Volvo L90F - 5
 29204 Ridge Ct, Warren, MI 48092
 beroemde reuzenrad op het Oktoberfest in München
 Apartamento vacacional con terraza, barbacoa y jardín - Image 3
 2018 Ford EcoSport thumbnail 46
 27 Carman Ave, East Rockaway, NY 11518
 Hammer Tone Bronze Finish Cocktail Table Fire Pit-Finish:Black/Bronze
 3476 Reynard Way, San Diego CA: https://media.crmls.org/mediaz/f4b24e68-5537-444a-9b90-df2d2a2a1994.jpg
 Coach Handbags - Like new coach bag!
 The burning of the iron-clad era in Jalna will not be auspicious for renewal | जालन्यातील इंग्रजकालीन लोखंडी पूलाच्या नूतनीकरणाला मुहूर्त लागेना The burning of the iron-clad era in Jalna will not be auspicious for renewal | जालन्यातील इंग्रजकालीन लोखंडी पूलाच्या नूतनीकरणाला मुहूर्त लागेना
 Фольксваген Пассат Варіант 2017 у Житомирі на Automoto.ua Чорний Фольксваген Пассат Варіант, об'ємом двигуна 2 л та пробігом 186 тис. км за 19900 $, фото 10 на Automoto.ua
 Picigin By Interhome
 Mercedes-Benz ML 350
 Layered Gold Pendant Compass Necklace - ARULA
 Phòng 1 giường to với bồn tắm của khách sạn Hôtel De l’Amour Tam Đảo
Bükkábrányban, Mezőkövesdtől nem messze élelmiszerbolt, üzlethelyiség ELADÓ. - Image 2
====================
• **EXERCISE**: Beginning with the line that holds "Picigin By Interhome" and ending with the last line of the material, retype each line exactly and output nothing else.

• **TASK ANSWER**:
 Picigin By Interhome
 Mercedes-Benz ML 350
 Layered Gold Pendant Compass Necklace - ARULA
 Phòng 1 giường to với bồn tắm của khách sạn Hôtel De l’Amour Tam Đảo
Bükkábrányban, Mezőkövesdtől nem messze élelmiszerbolt, üzlethelyiség ELADÓ. - Image 2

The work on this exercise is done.